→ Data extract:
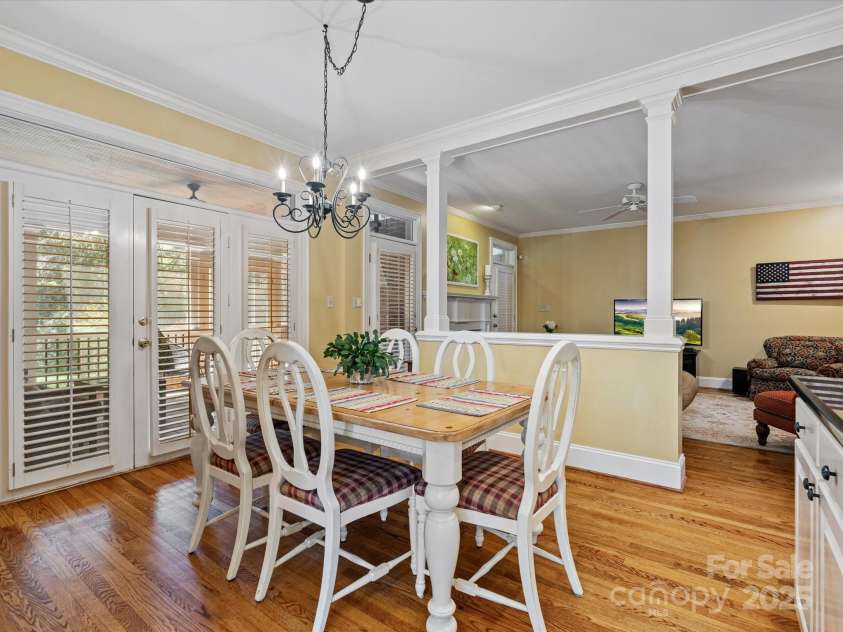 3600 Castellaine Drive, Charlotte, NC 28226.  MLS# CAR4240669, YatesRealty ID 3768. 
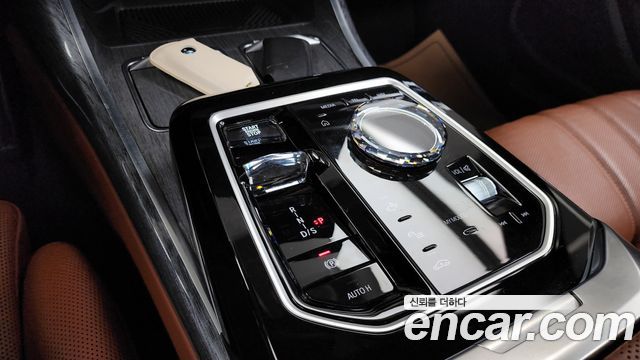 BMW 7-Series 740i xDrive M Sport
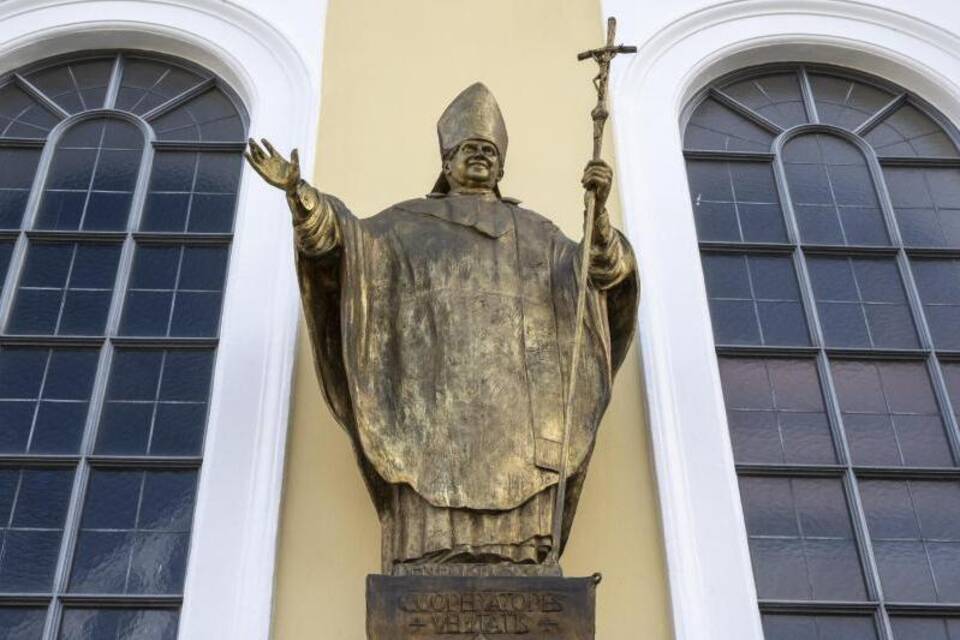 Papst-Benedikt-Statue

→ Work instruction:
Output the data exactly. Pictures don't belong in the result.

→ Exercise result:
 3600 Castellaine Drive, Charlotte, NC 28226.  MLS# CAR4240669, YatesRealty ID 3768. 
 BMW 7-Series 740i xDrive M Sport
 Papst-Benedikt-Statue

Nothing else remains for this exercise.